There is no doubt that the advent of trail cameras has changed the way we scout. They give you the ability to see what is happening in your favorite hunting areas without having to spend hours in the field educating deer to your presence. It wasn’t all that long ago that hunters got excited about simply getting a few photos of deer, but now that they have been around for a while, cameras have become tools for intense scouting and even herd management.
Scouting with trail cameras in late summer requires different tactics than what you would use as the rut begins in late October and early November. For the most part deer will be a little less active and locating your camera as close to a regularly-used food or water source is paramount. Bucks in particular limit their movement and will typically be found very near where they are feeding. During this time of year, aiming cameras over areas that typically produce for you during the rut will yield few results. We will cover using trail cameras during the rut in a future article as it requires a different approach.
Heavy trails leading from bedding to feeding areas tend to produce well as do natural pinch-points where deer have narrow areas of cover for getting around. Open areas that surround grain fields tend to serve as natural funnels and you can typically count on getting a lot of photos.
It is important to remember that early season scouting is most useful when simply trying to get a better understanding of the number and quality of deer on the property that you are hunting. While it can be helpful when trying to pattern deer on their feeding patterns, expect that very shortly into the season mature bucks will tend to deviate from their summer routines in favor of establishing their core areas that will also serve as fertile breeding ground.
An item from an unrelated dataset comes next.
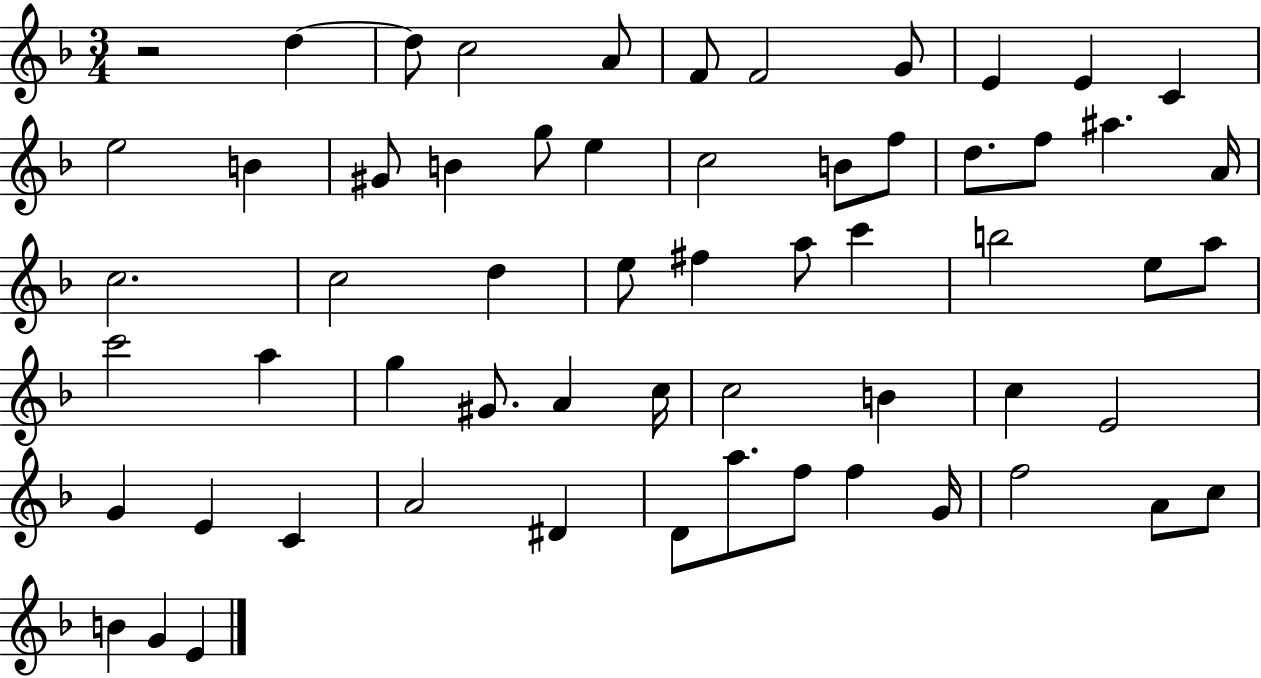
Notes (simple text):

R/h D5/q D5/e C5/h A4/e F4/e F4/h G4/e E4/q E4/q C4/q E5/h B4/q G#4/e B4/q G5/e E5/q C5/h B4/e F5/e D5/e. F5/e A#5/q. A4/s C5/h. C5/h D5/q E5/e F#5/q A5/e C6/q B5/h E5/e A5/e C6/h A5/q G5/q G#4/e. A4/q C5/s C5/h B4/q C5/q E4/h G4/q E4/q C4/q A4/h D#4/q D4/e A5/e. F5/e F5/q G4/s F5/h A4/e C5/e B4/q G4/q E4/q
In other words, there is no need to panic when that trophy buck you have been getting photos of suddenly disappears. Chances are he didn’t go far, but has simply changed the way he uses the area he is living in. Remember, priorities steadily change for bucks from feeding to breeding as the calendar flips through mid-October through early November.
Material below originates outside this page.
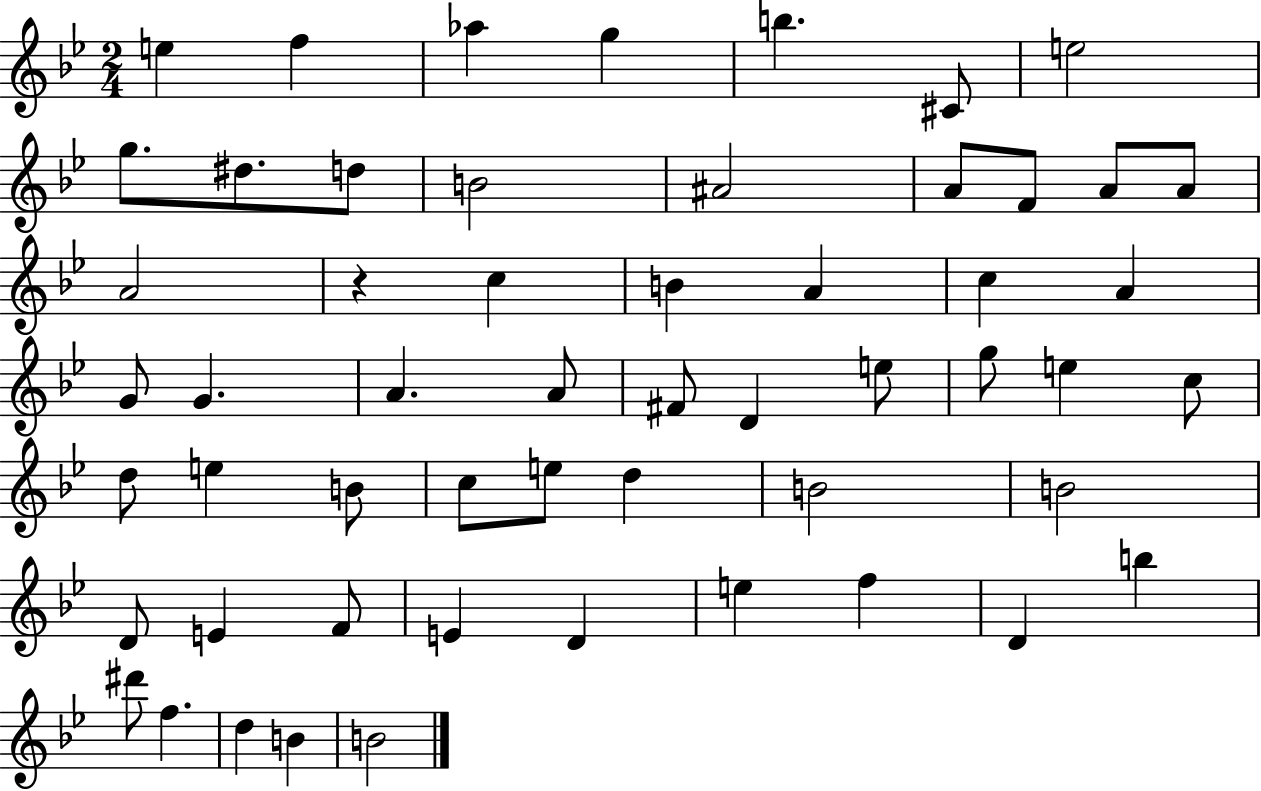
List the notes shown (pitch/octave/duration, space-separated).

Do your best to fight the urge of checking your cameras too often so as to not educate the deer on your presence. Deer can become quite good at patterning the movements of people. In most cases you won’t want to set your camera in the exact spot that you plan to hunt from as minimizing human scent and activity will pay dividends. Long-life batteries are best to avoid camera failure, and in terms of the best cameras to use, the old rule-of-thumb of getting what you pay for applies.
Scouting with trail cameras has added a lot of excitement to scouting deer as it gives hunters a good understanding of the number and quality of deer available on the property they hunt. It also allows for focusing on a particular animal and limits the possibility of shooting an animal that you did not intend to due to the excitement of the moment. Hopefully this article will help increase your odds of success this season. And who knows? You might even end up with a photo of the trophy buck you eventually take later this fall adding even more excitement to the experience.